→ WHAT YOU ARE ASKED TO DO
What you return should be the full listing, word for word, without a single image.

→ DATA EXTRACT
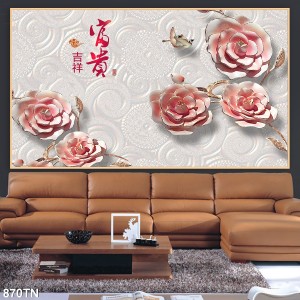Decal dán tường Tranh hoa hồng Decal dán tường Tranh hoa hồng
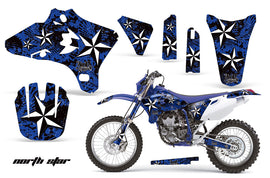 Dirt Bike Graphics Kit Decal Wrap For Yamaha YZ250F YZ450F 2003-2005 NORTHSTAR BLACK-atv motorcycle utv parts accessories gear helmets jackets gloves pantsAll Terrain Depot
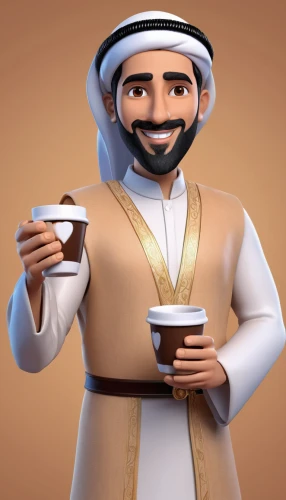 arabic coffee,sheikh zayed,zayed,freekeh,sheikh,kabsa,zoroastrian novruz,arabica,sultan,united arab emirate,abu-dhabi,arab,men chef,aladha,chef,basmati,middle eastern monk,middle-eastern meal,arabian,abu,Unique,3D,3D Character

→ RESULT OF THE TASK
Decal dán tường Tranh hoa hồng Decal dán tường Tranh hoa hồng
 Dirt Bike Graphics Kit Decal Wrap For Yamaha YZ250F YZ450F 2003-2005 NORTHSTAR BLACK-atv motorcycle utv parts accessories gear helmets jackets gloves pantsAll Terrain Depot
 arabic coffee,sheikh zayed,zayed,freekeh,sheikh,kabsa,zoroastrian novruz,arabica,sultan,united arab emirate,abu-dhabi,arab,men chef,aladha,chef,basmati,middle eastern monk,middle-eastern meal,arabian,abu,Unique,3D,3D Character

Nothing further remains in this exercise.